Queen Anne resident Joe Booth has made the Vidya Books application for iOS devices that allows readers to interact with the story as the lines of text appear on the device. It’s described as a novel that you play and a book that’s a game. Readers become an essential part of the storyline. A swipe of the screen at the end of a paragraph can take the main character down a different path in the story. A quick response is needed to help the main character fight villains along the way.

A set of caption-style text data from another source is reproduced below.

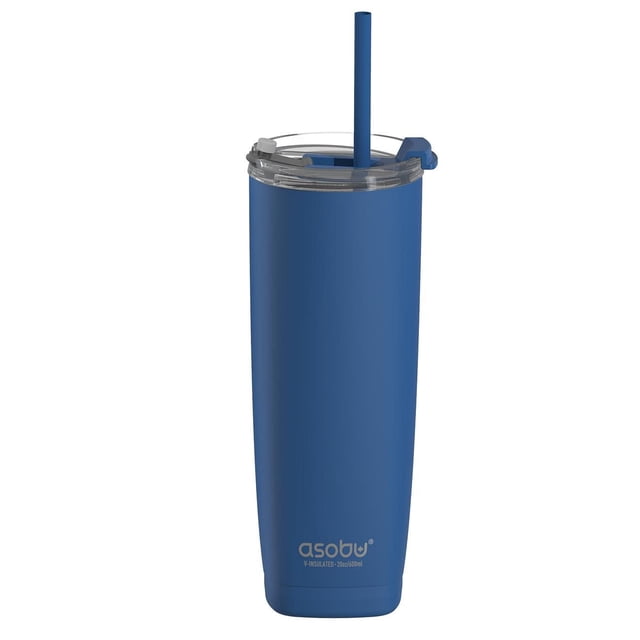 Asobu Aqualina Tumbler 20 oz in blue with a tall, slim cylindrical design, clear dual-function lid with flip closure and blue straw, vacuum insulated stainless steel keeps drinks hot for 12 hours or cold for 24 hours, fits standard vehicle cup holders, often used for both hot and cold beverages.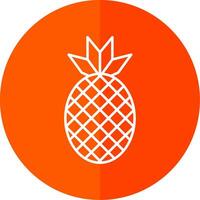 Pineapple Line Red Circle Icon vector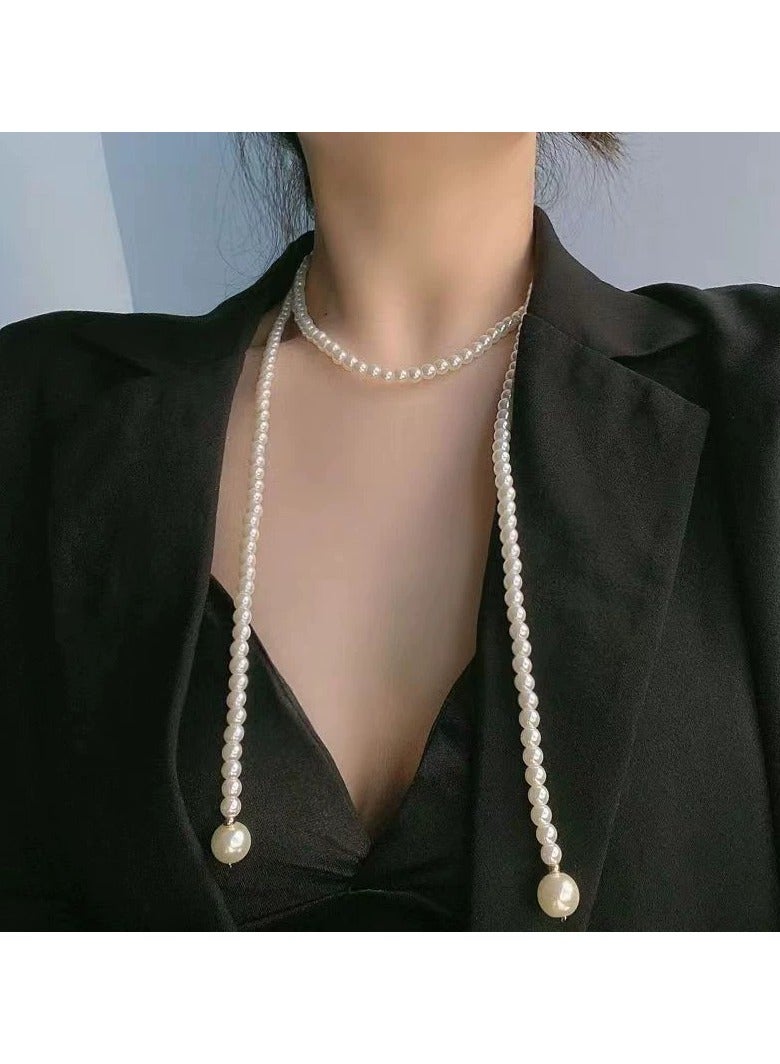 Goolsky Vintage Multi-Layer Pearl Long Necklace for Women – Elegant Double Strand Statement Jewelry, Wedding & Photoshoot Accessory, Retro Luxury - Image 2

Instead of using big launches for funding like he once did at Microsoft, Booth launched a Kickstarter campaign on March 15 and was able to reach his goal of $10,000 in days. There are incentives for parents, teachers and researchers: If they pledge more than $5, they will get a copy of the first book on the iPad and iPhone; for $25, their school, library or academic researcher is provided with five books through the Free Vidya Books Program. Based on the pledging so far, almost 1,000 books will be given to school libraries and researchers.
The project, which funded Tuesday, April 16, raised $15,175 in pledges from 350 backers.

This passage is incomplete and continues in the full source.